As I started writing more and more, bringing into my own experiences as a gay man, I thought about the fact that sometimes when we’re young and we’re discovering these new feelings, that can be a bit scary. I’ve always been interested in horror. My interest in horror comes from the fact that I have this quite multicultural family: I have a Chinese mother and an Italian father, and I think when I was a young kid trying to tell stories to my extended family, I just knew that certain stories would translate better than others. If I tried to tell a funny joke to my mom’s side of the family, the joke might not land on my dad’s side of the family — but scary stories always worked. If I talked about being scared that someone was maybe following me in the street, I always knew I’d have the listener in the palm of my hand. I knew from a young age that horror movies, scary stories, are really universal.
How did it all come together where you had the resources to make this?
I started out as an editor…and worked on little short films in my spare time. I was learning from emerging directors who were making their first films and learning from their early mistakes, trying things out and being very experimental with their work. When you work as an editor, you get to work at the part of the process where everyone reflects on what really works and what doesn’t work in the film. About 10 years ago, I started directing my own short films. One of my earliest short films was shortlisted for a round of funding through one of our state-funding bodies here [in Australia]. And Sam [Jennings] and Kristina [Ceyton] from Causeway were on the panel for the selection committee; I actually wasn’t successful in that round for getting funding for my short film, but Sam and Kristina did pull me up later and say, “We really love your ideas. We’d like to work with you one day.” I remember at the time thinking, oh, that’s just industry babble. But sure enough, about two years ago, they called me up and said, “What are you working on?” I said, “I have this script called Leviticus.”
How did you balance the emotional, thematic elements with the scary?
What I discovered was these institutions are always trying to scare people out of their own feelings. Once I had that, I started thinking about who my main character was and why he was in the world that he was in. Those ingredients just came together quite easily once I figured out that the monster took the form of the person that you’re most attracted to, and that there were going to be two boys who fall in love in the midst of all that.

It’s set in this creepy, isolated community.

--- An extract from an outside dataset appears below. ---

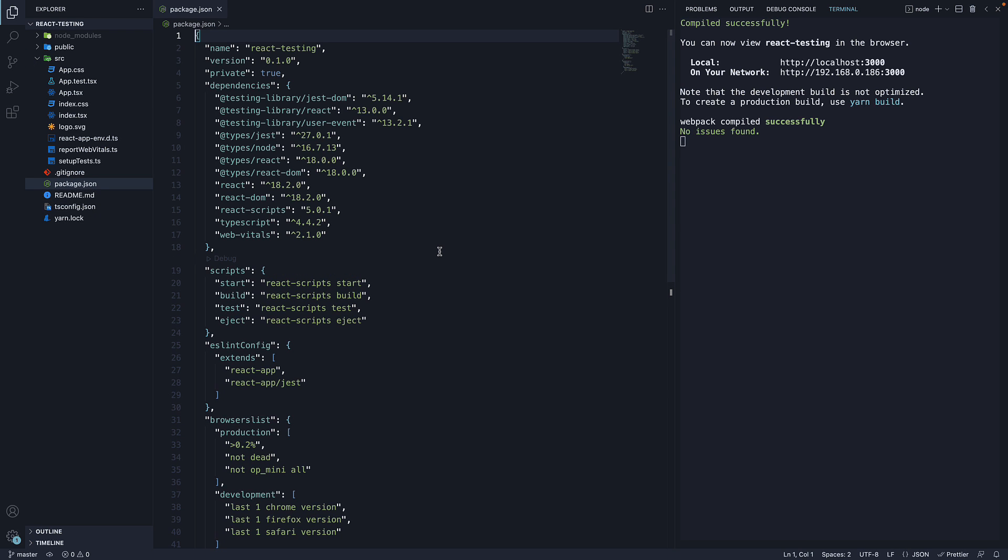If we inspect package.json, we see at testing-library slash react, which is the react-testing-library package, but jest we don't see listed here.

How did you build that world?
I have atheist parents, but in our extended family, there’s a lot of religion and a lot of Christianity, as you can imagine with an Italian father and a Chinese mother. But actually the world of this film came out of my research in Australia. We have a lot of Pentecostal communities all across Australia; the research for this drew me to that. And I knew that Arlene, the character that Mia [Wasikowska] plays, was going to be someone moving away from a life after some sort of trauma to get away from all of that and move to a community like the one in the film. And so that sort of was the starting point.
I wanted a slightly sort of industrial landscape — these towering factories and refineries, and that at the center of it all would be this cinder-block structure. We wanted to avoid the stained-glass aesthetic for the church in this film. I did all of that because I wanted there to be the sense of manmade structures, and I wanted the audience to question these edicts that we live by. Are they really part of some spiritual part of the universe?
Do you have any horror touchstones here?
Growing up, I really loved Halloween. I was a big [John] Carpenter fan. Nightmare On Elm Street is the franchise that I would always sneak over to the television and watch when my parents told me not to. The Shining was another one. But actually, I have this really deep connection, weirdly, to Japanese horror movies. I’m a huge, huge, huge fan of Kiyoshi Kurosawa, and even though it’s a very different film, his film Cure is a big influence on this movie. I kind of can’t explain why. it’s something tonal that’s in there.